For policymakers tracking India’s urban mobility challenge, the latest push by NITI Aayog offers more than a routine transport reform headline. Yes, the focus is on bringing order to e-rickshaws, tempos, and other last-mile services, but the real story lies beneath—an overburdened informal network filling systemic gaps, underperforming metro systems struggling with weak connectivity, and a fragmented urban transport architecture that breaks at the first and last mile. These are not isolated inefficiencies; they reveal a structural mismatch between infrastructure creation and actual commuter needs. Is India simply trying to regulate a chaotic but functional system, or confronting a deeper mobility crisis rooted in planning gaps and policy neglect? In this Vishleshan, we decode the last-mile transport puzzle, unpack three critical layers of dysfunction, and examine the framework needed to make India’s urban journeys truly seamless.
Context: India’s urban mobility system is growing, but not evenly. In most cities, especially tier-II, tier-III, and smaller towns, people depend on e-rickshaws, tempos, shared autos, and minibuses to complete the journey that buses and metros do not fully cover. Mint reports that NITI Aayog is now working on a national framework for first- and last-mile mobility because this informal layer has become too large to ignore. Most city commutes in India do not end at the metro gate or bus stop; they begin again there.Link to the Article:
India has built pieces of urban transport, but not the full journey. India has invested in metro rail and other formal systems, but those systems often stop short of where commuters actually begin or end their trips. That gap is then filled by informal transport, which is fast, cheap, and accessible, but weak on standards, safety, route discipline, and planning. The transport problem is not one of availability alone; it is one of coordination across the whole journey.

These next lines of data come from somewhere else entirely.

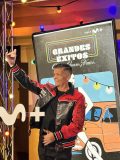 Presentacion-de-Grandes-Exitos-16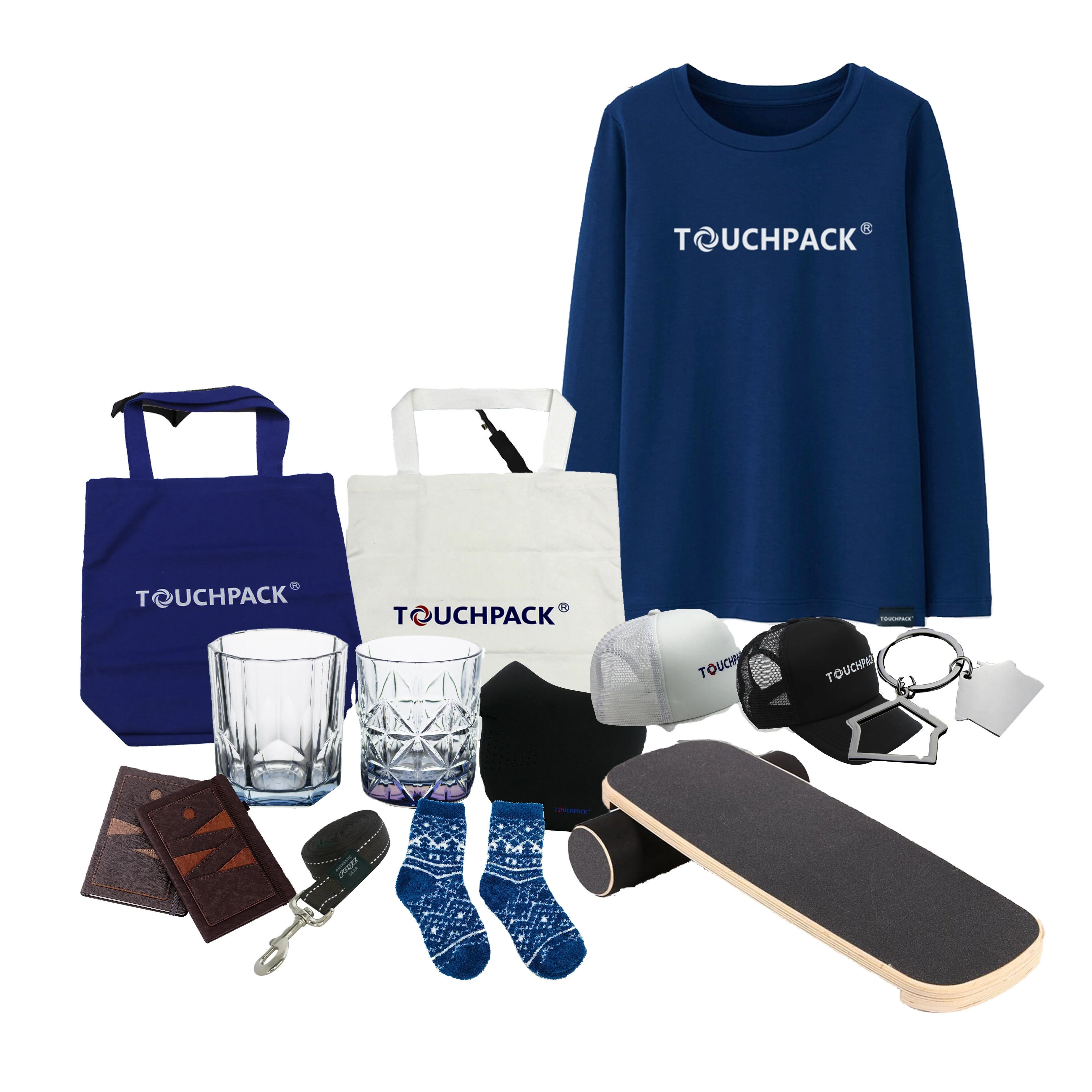 2024 New Product New Idea Cheap Item For Sell With Customized Logo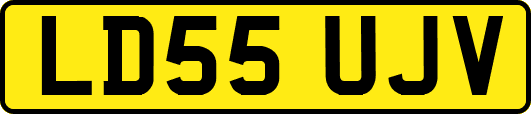 LD55UJV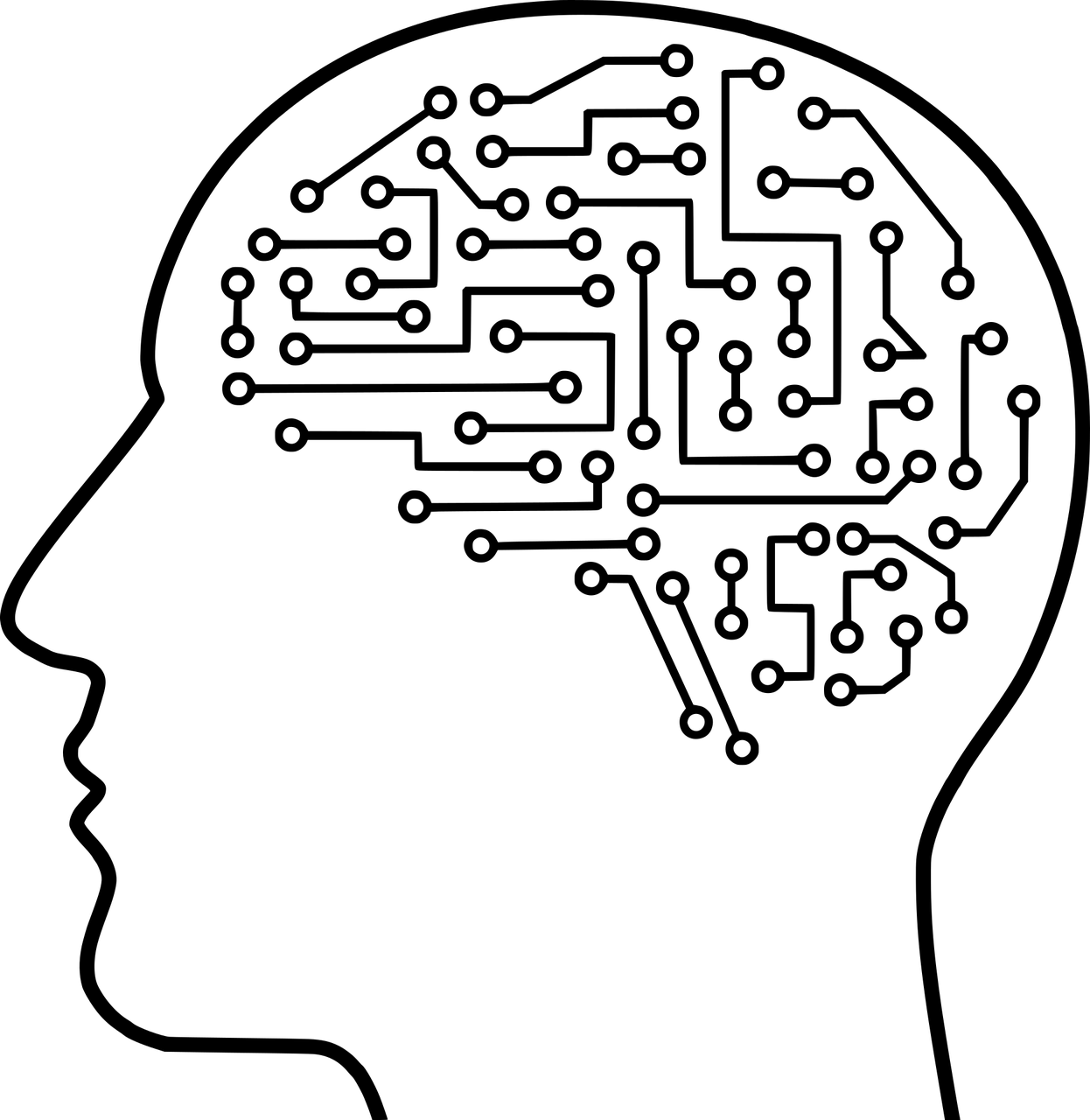 파이썬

The article cites an estimated 200–300 million Indians depend heavily on privately run rickshaws, tempos, and minibuses for last-mile mobility. It also notes that government-run systems are available in only 66 of 496 Indian cities with populations above 100,000, which explains why informal networks dominate so many urban centres. For the commuter, this means the difference between a metro that is technically available and a metro that is actually usable.
The story shows that last-mile transport is doing three jobs at once. It is moving people, absorbing unmet demand, and supporting livelihoods. That is why any reform has to be careful: regulating the sector too aggressively could reduce mobility access for commuters and economic stability for drivers. At the same time, leaving the sector unmanaged keeps cities trapped in congestion, pollution, and unsafe boarding patterns.
Weak last-mile mobility pushes commuters toward private vehicles, and that in turn worsens congestion, emissions, and travel time. Congestion lowers productivity, private vehicle dependence increases, and pollution worsens because cities do not offer a smooth alternative to cars and two-wheelers. It also suggests that metro rail, which was supposed to be a mass transit backbone, is operating below its potential because feeder connectivity is weak.
A 2023 IIT Delhi study cited in the article found that Indian metro systems were only at 25–35% of projected ridership, which reinforces the point that the problem is not just metros themselves but the ecosystem around them.
This is where the policy challenge becomes delicate. A framework for paratransit can bring order, but it must not destroy the economic logic of the service providers who keep the system working. Experts quoted in the article argue for regulated boarding and deboarding points, vehicle standards, and better integration with transit hubs rather than a blunt crackdown. The right policy should formalise the system without making it inaccessible, unaffordable, or unviable.
A useful national framework should do more than regulate vehicles. It should define boarding zones, route logic, vehicle standards, registration norms, and transit integration rules. It should also recognise that different cities will need different solutions depending on density, transit coverage, and local travel patterns. Most importantly, it should keep the service affordable and preserve operator livelihoods while improving order and safety.
Three things will tell us whether this turns into a real reform. First, whether NITI Aayog gives cities a practical way to connect paratransit with metros and buses. Second, whether the rules are strong enough to improve safety and order without making the service hard to run. And third, whether the final policy treats e-rickshaws and tempos as part of the transport system, instead of treating them like a problem to be pushed aside.
This is not just a transport story. It is really about whether India can bring a huge informal system into the formal policy frame without disrupting the daily travel of millions. Done well, it could reduce congestion, improve air quality, make commutes smoother, and help public transport work better. Done badly, it will only add more rules to a system that still fails people at the point where they need it most.